(Short text fragments from websites)
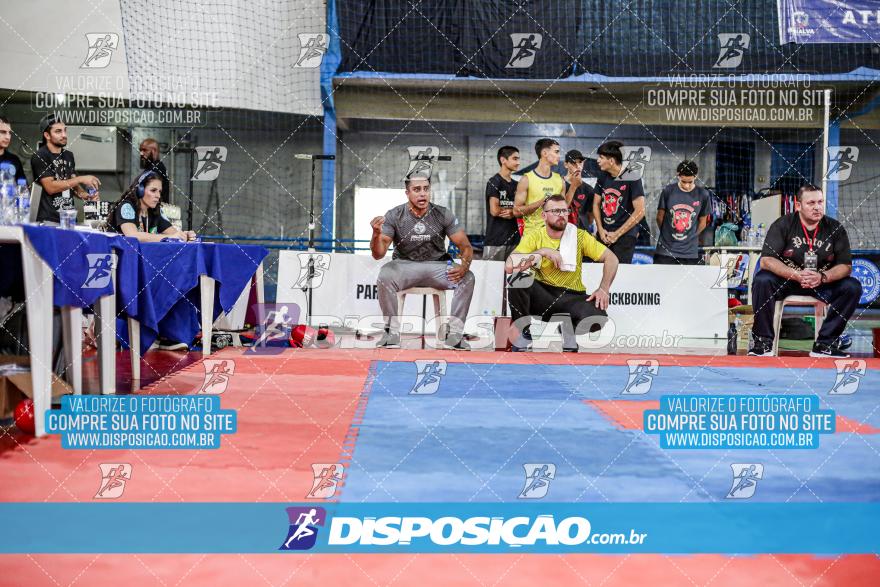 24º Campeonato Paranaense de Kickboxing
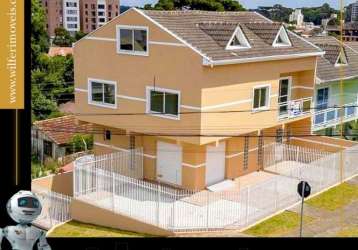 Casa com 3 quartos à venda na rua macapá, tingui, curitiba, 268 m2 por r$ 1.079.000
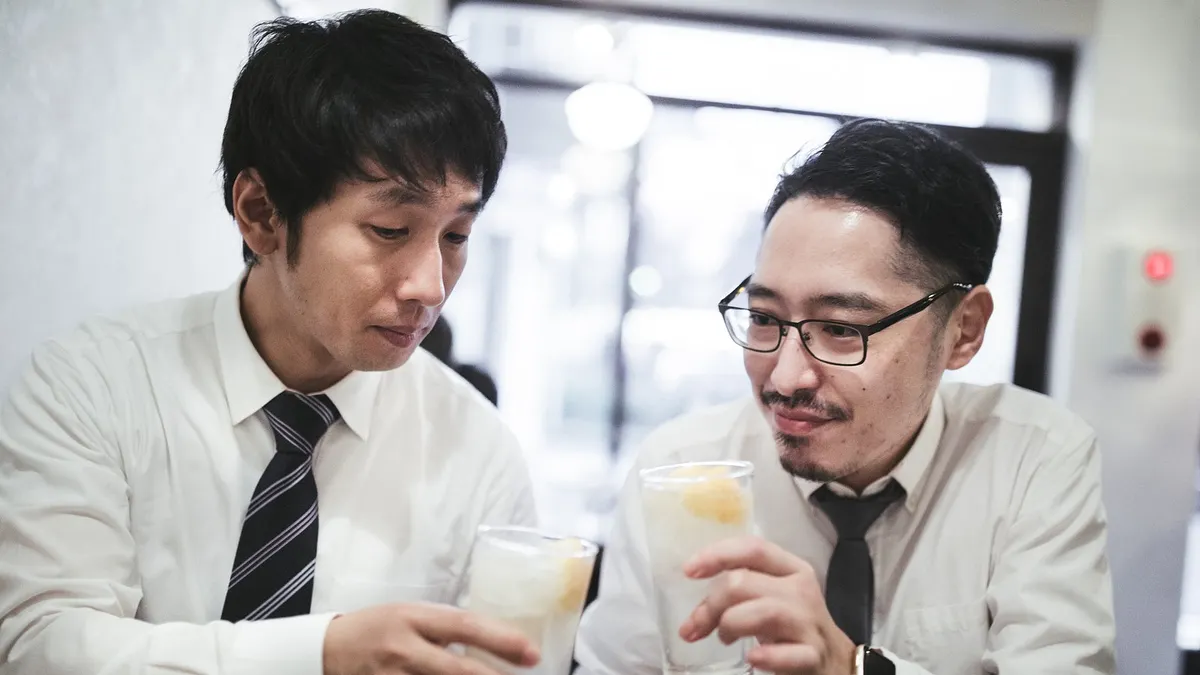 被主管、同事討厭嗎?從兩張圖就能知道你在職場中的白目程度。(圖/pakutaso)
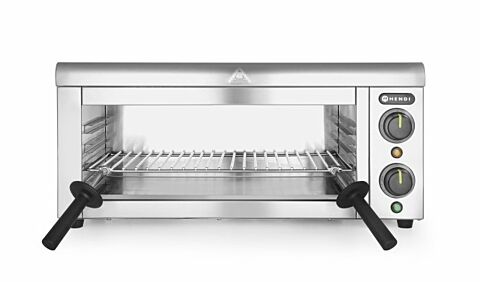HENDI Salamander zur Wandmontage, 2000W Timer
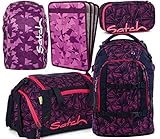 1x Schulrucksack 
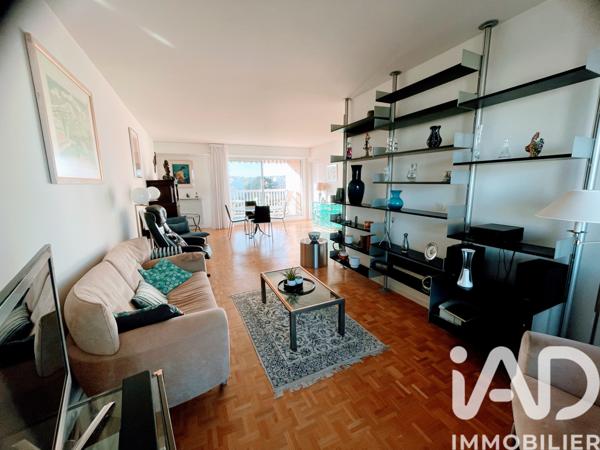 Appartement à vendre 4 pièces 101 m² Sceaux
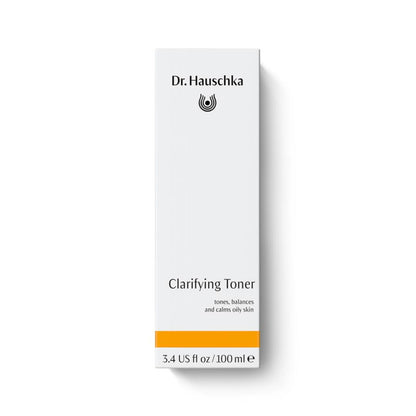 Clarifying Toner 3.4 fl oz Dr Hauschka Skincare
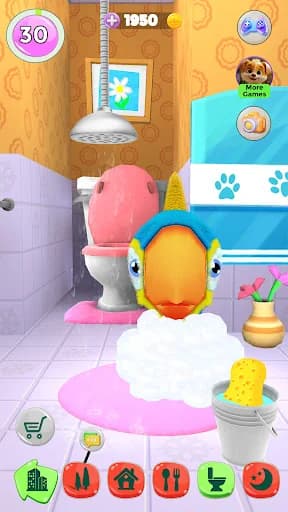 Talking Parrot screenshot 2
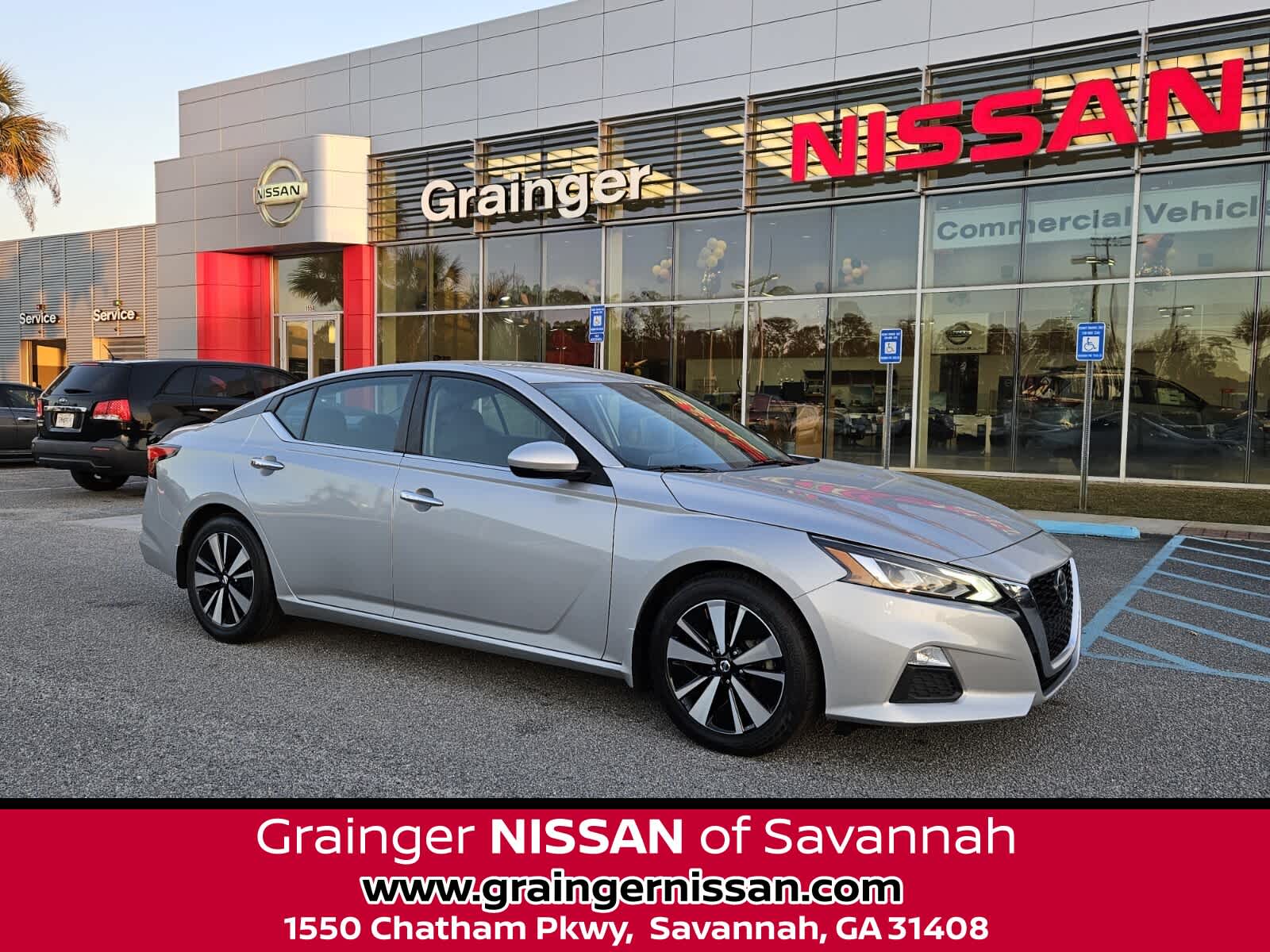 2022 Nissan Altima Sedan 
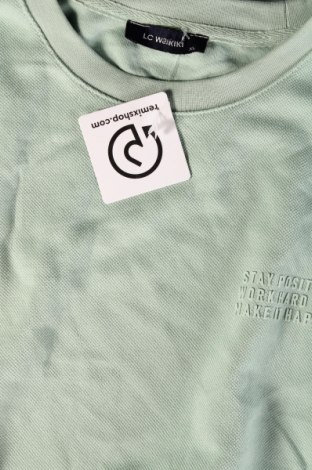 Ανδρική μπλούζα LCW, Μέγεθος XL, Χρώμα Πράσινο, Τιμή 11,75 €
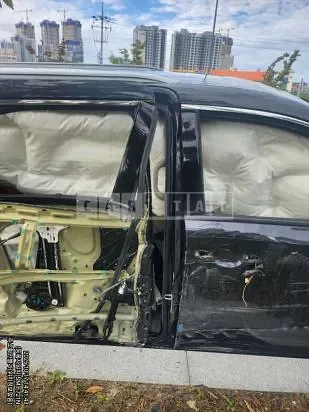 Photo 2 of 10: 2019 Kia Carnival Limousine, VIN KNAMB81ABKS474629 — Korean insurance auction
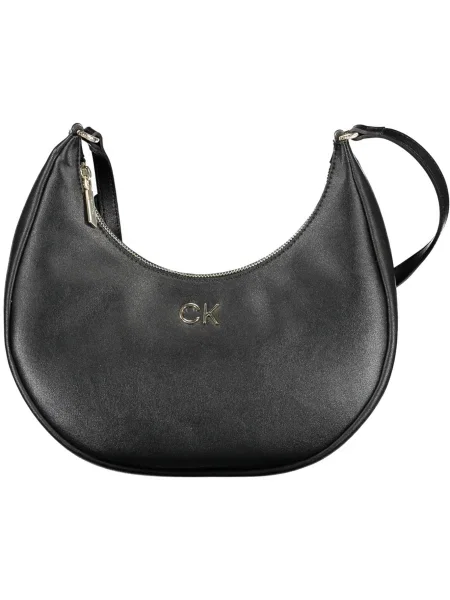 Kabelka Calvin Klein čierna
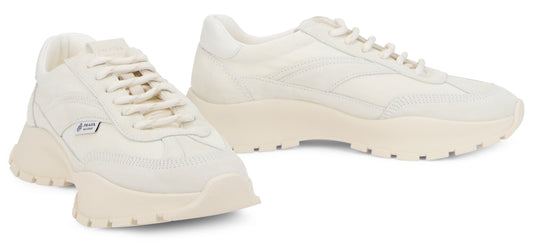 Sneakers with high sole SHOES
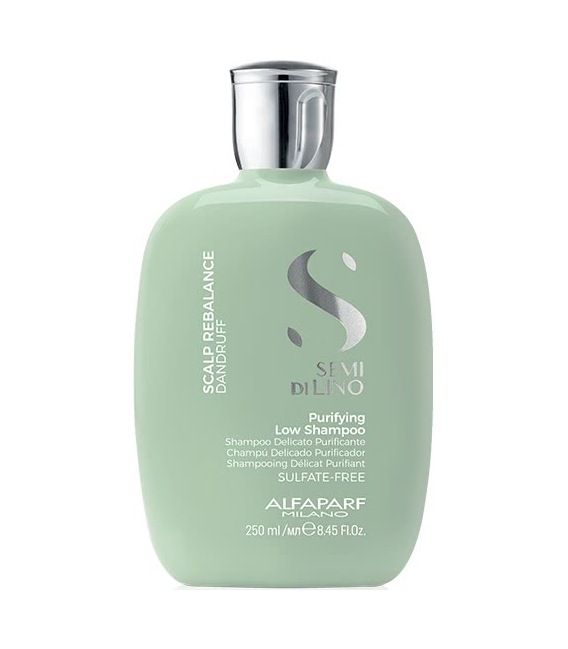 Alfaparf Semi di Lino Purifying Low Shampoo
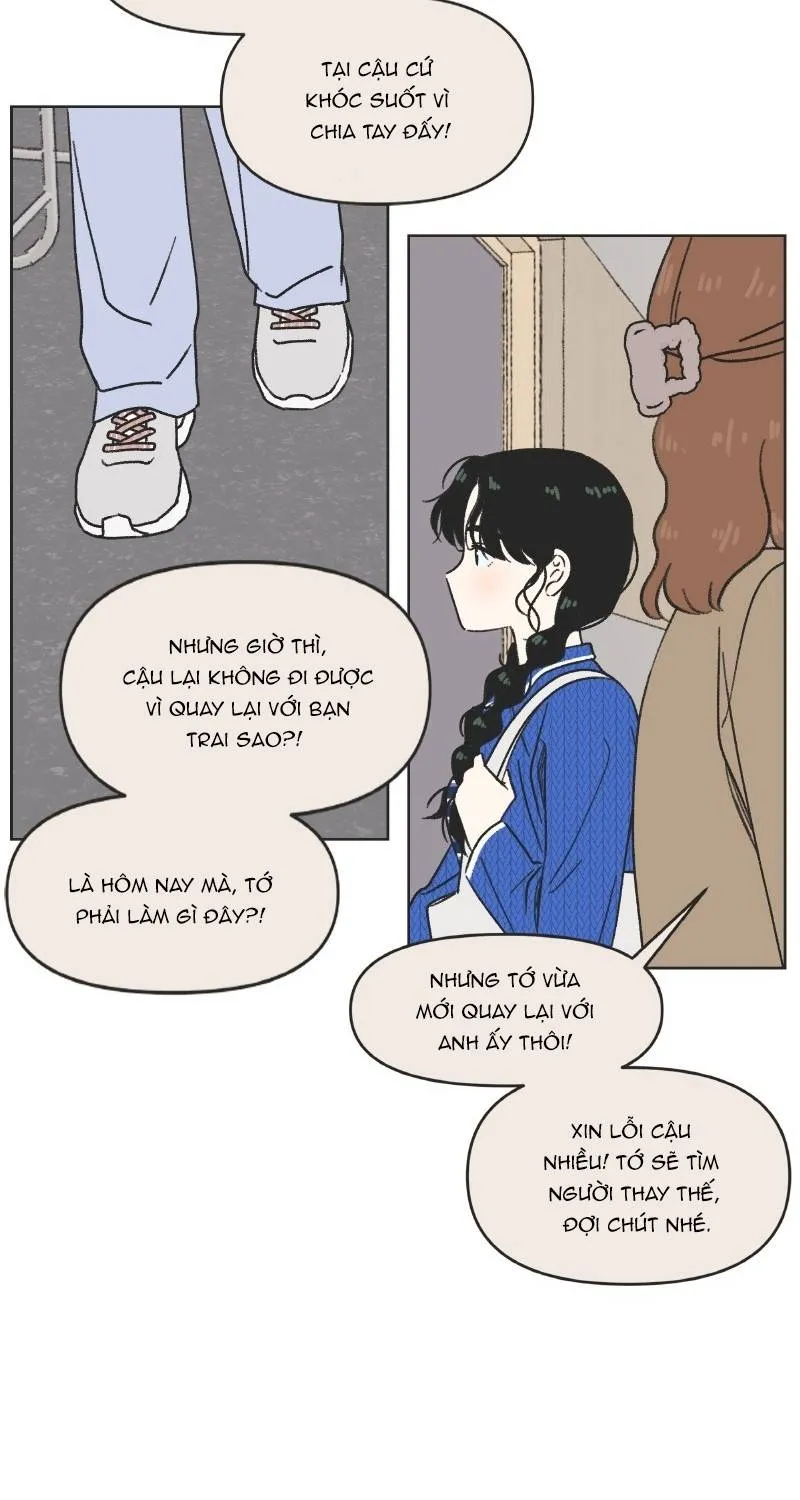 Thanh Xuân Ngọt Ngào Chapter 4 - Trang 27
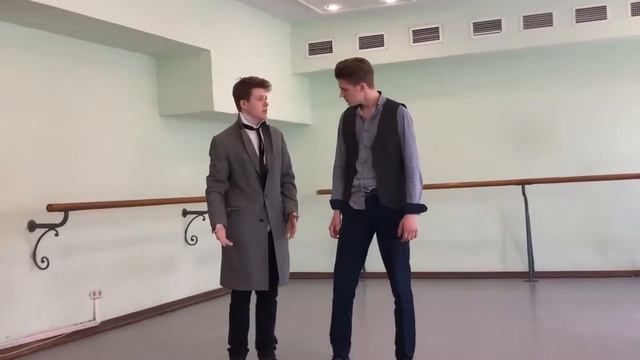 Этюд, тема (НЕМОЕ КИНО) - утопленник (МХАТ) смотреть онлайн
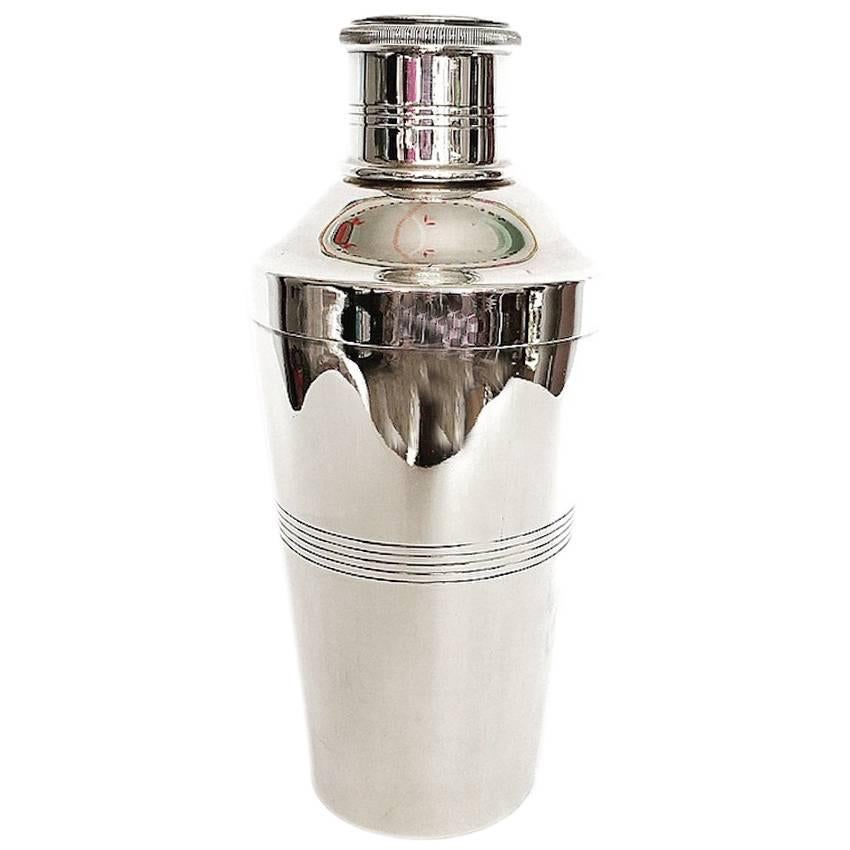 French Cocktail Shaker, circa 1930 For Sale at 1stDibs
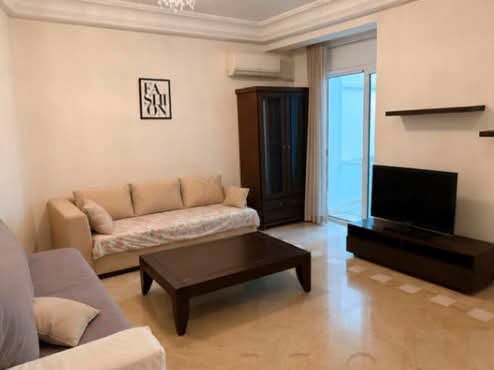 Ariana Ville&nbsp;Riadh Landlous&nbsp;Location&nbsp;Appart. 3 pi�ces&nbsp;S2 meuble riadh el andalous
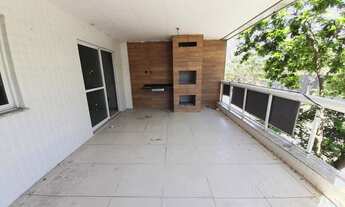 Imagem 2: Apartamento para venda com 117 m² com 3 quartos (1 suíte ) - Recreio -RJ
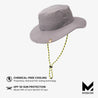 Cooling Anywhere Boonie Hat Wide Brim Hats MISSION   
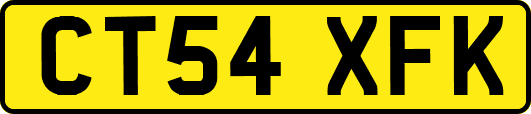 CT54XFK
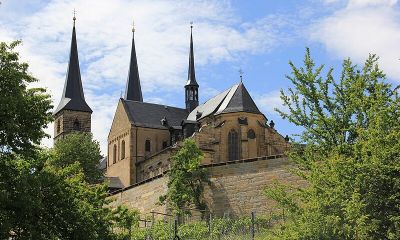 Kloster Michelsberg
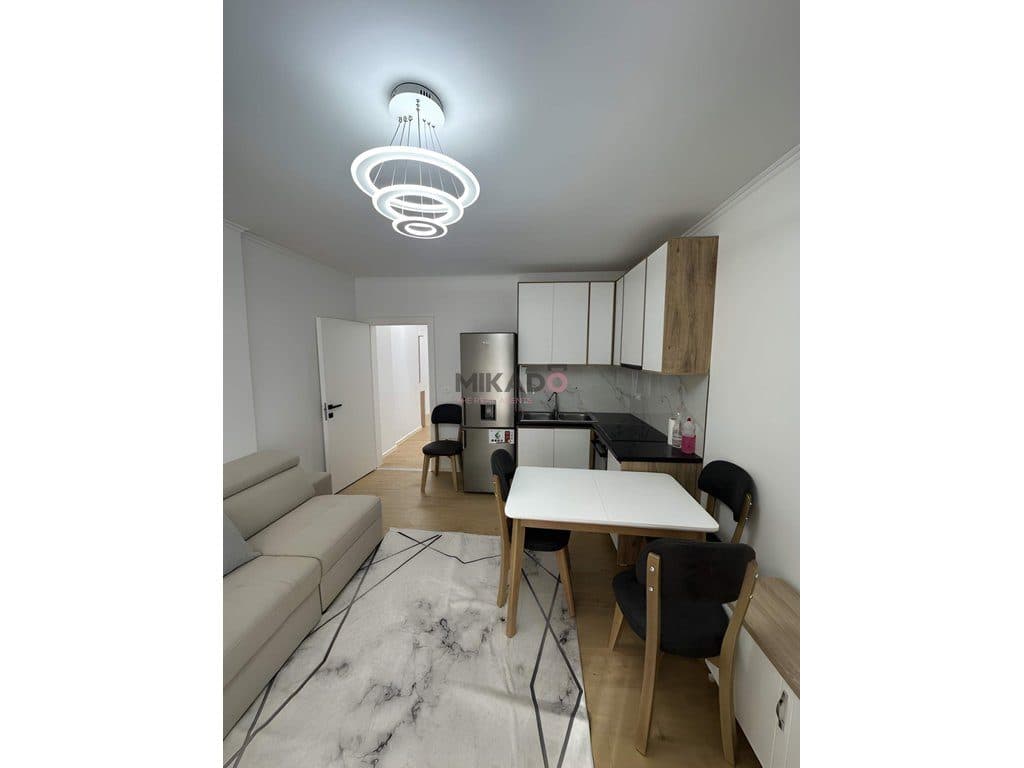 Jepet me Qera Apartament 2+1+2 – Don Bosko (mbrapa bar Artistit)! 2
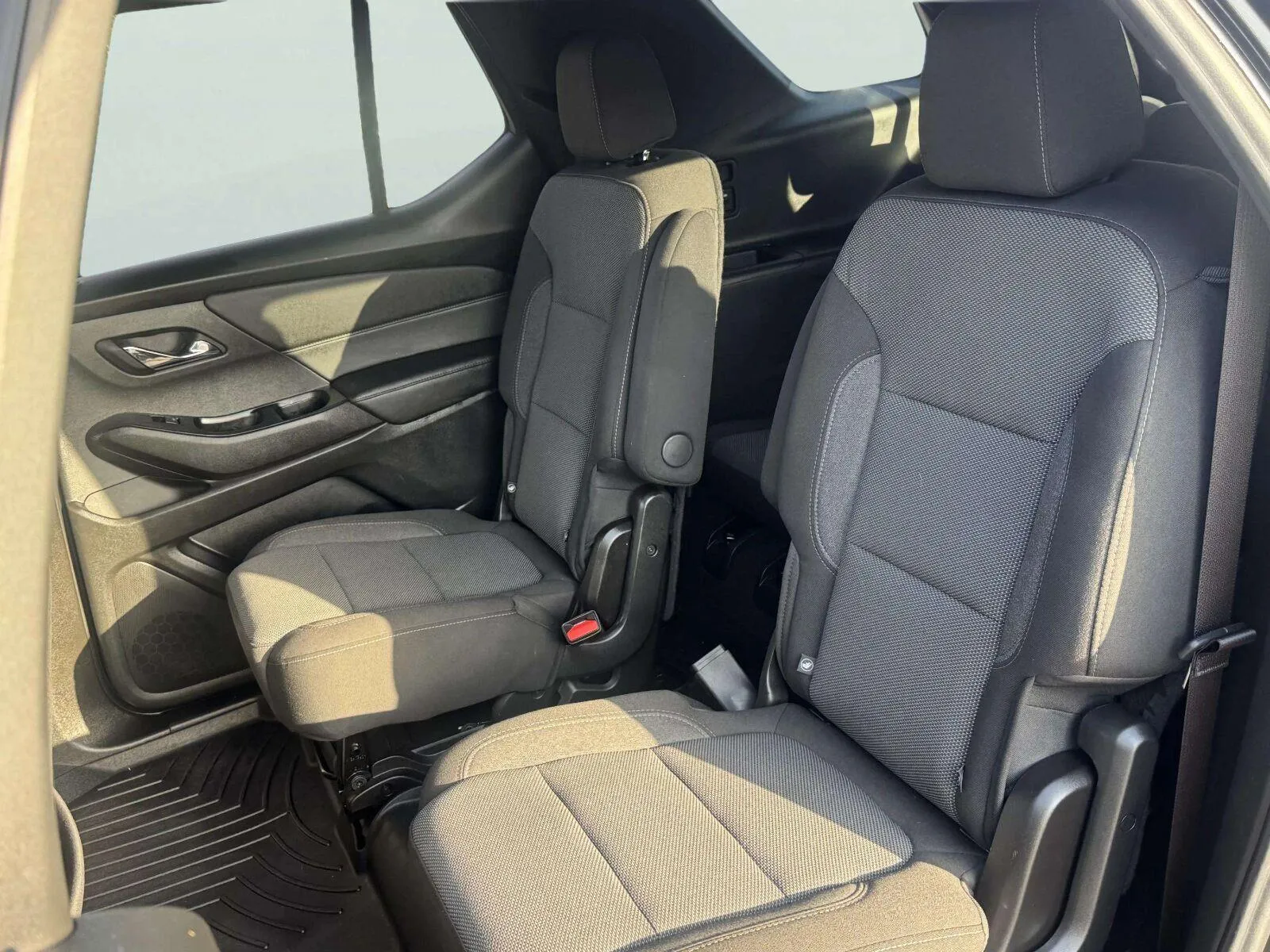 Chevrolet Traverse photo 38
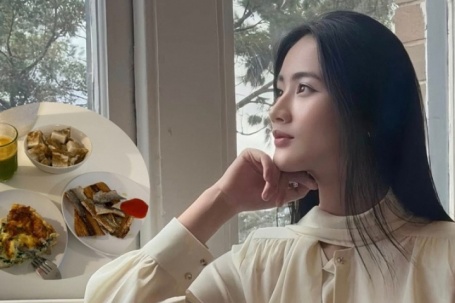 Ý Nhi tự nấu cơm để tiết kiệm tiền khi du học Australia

• [EXERCISE INSTRUCTIONS]:
Copy every record above exactly as written, but leave out the pictures.

• [COMPLETED TASK]:
 24º Campeonato Paranaense de Kickboxing
 Casa com 3 quartos à venda na rua macapá, tingui, curitiba, 268 m2 por r$ 1.079.000
 被主管、同事討厭嗎?從兩張圖就能知道你在職場中的白目程度。(圖/pakutaso)
HENDI Salamander zur Wandmontage, 2000W Timer
 1x Schulrucksack 
 Appartement à vendre 4 pièces 101 m² Sceaux
 Clarifying Toner 3.4 fl oz Dr Hauschka Skincare
 Talking Parrot screenshot 2
 2022 Nissan Altima Sedan 
 Ανδρική μπλούζα LCW, Μέγεθος XL, Χρώμα Πράσινο, Τιμή 11,75 €
 Photo 2 of 10: 2019 Kia Carnival Limousine, VIN KNAMB81ABKS474629 — Korean insurance auction
 Kabelka Calvin Klein čierna
 Sneakers with high sole SHOES
 Alfaparf Semi di Lino Purifying Low Shampoo
 Thanh Xuân Ngọt Ngào Chapter 4 - Trang 27
 Этюд, тема (НЕМОЕ КИНО) - утопленник (МХАТ) смотреть онлайн
 French Cocktail Shaker, circa 1930 For Sale at 1stDibs
 Ariana Ville&nbsp;Riadh Landlous&nbsp;Location&nbsp;Appart. 3 pi�ces&nbsp;S2 meuble riadh el andalous
 Imagem 2: Apartamento para venda com 117 m² com 3 quartos (1 suíte ) - Recreio -RJ
 Cooling Anywhere Boonie Hat Wide Brim Hats MISSION   
 CT54XFK
 Kloster Michelsberg
 Jepet me Qera Apartament 2+1+2 – Don Bosko (mbrapa bar Artistit)! 2
 Chevrolet Traverse photo 38
 Ý Nhi tự nấu cơm để tiết kiệm tiền khi du học Australia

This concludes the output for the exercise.